Segment Start: Supplied records

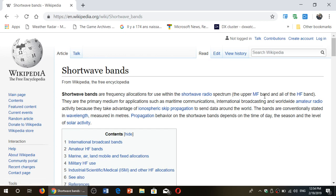Welcome to this shortwave channel. This is our tip number 11 for shortwave radio listeners. Today is Tuesday, February 19th, 2019, and today's shortwave tip is: learn to know where everything is on the bands.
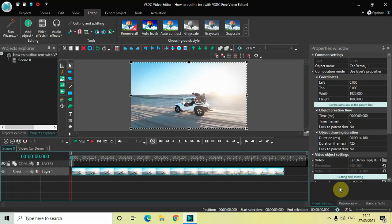Welcome back to NextGenBlogger and in this video I want to show you how you can outline text with VSDC free video editor.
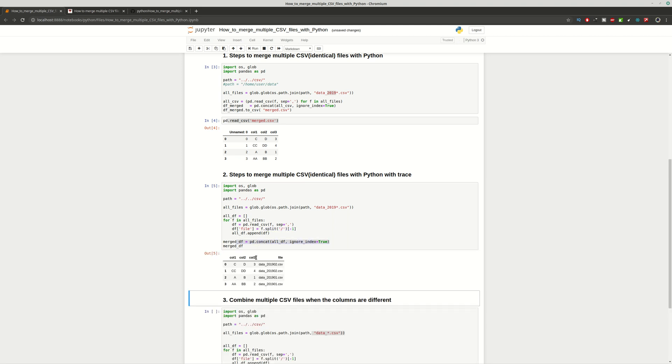You can see that we have almost the same results with one extra column which is about the original file. This can be really useful when you have thousands of CSV files and you want to have trace to see if you have any duplicated or missing data.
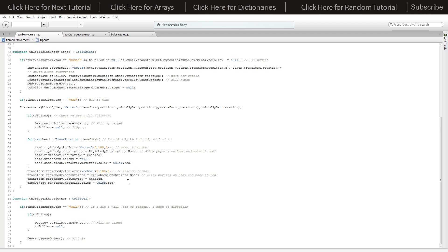If we hit into a car we do exactly the same thing that the humans do, except we also create a blood splat. We change ourselves to red and I've added a little bit of force - we go rigidbody.AddForce(Vector3(0, 100, 0)) on both objects, which makes them kind of pop up a bit when hit by the car. It looks a little bit funnier and adds to the atmosphere. If we hit into a wall then we destroy ourselves just like everything else, so if we go off the map then we're gone.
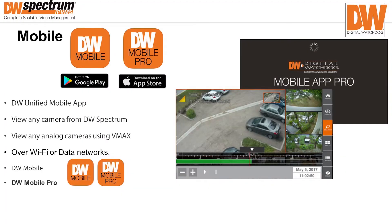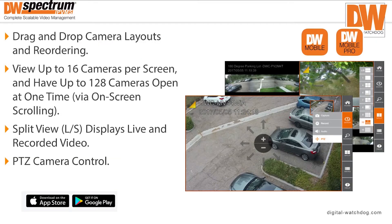Digital Watchdog has two core technologies: Digital Watchdog Spectrum and DW VMAX. In order to mobile-connect to both of these technologies, we've developed the DW Unified Mobile app. Some of the features are drag-and-drop camera layouts and reordering. You can view up to 16 cameras per screen and have 128 cameras open at one time via on-screen scrolling. You can also have split view displays, live and recorded video, and PTZ camera control.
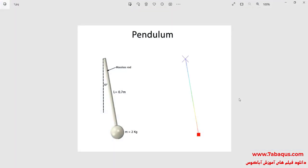In this illustration, we intend to calculate the period of the pendulum using the Abaqus software and analytical solution. As you observe in the picture, the initial angle of the pendulum is 10 degrees. The length of the pendulum is 0.7 meters and the mass of ball is equal to 2 kilograms. First, the period of the pendulum is calculated using the analytical solution, then using the Abaqus software, and finally the results will be compared.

Segment End: Supplied records

◆ Task:
Your reply should be the lines of the records from the start through the line with "Welcome back to", copied word for word, pictures omitted.

◆ Worked solution:
Welcome to this shortwave channel. This is our tip number 11 for shortwave radio listeners. Today is Tuesday, February 19th, 2019, and today's shortwave tip is: learn to know where everything is on the bands.
Welcome back to NextGenBlogger and in this video I want to show you how you can outline text with VSDC free video editor.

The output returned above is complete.